> _EXERCISE MATERIAL_
----
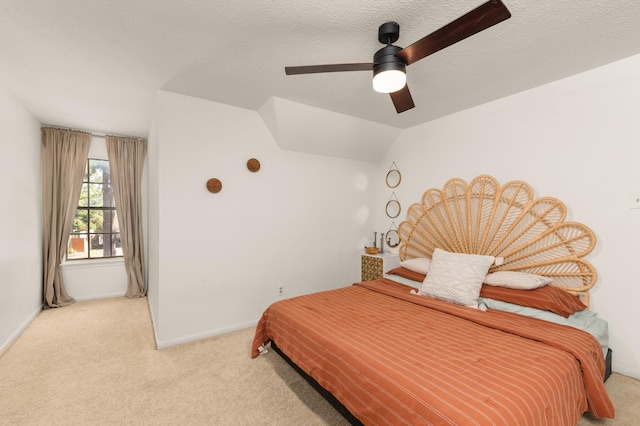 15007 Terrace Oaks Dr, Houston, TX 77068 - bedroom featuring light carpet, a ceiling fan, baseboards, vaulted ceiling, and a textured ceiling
----
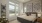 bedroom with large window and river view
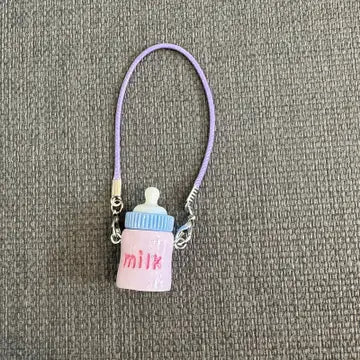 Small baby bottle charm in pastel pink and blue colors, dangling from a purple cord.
----
> _DIRECTIONS_
Restate word for word the lines of the data above that begin at the line with "bedroom with large window and river view" and end at the line with "Small baby bottle", keeping both ends and dropping every picture.

> _RESPONSE TO THE EXERCISE_
 bedroom with large window and river view
 Small baby bottle charm in pastel pink and blue colors, dangling from a purple cord.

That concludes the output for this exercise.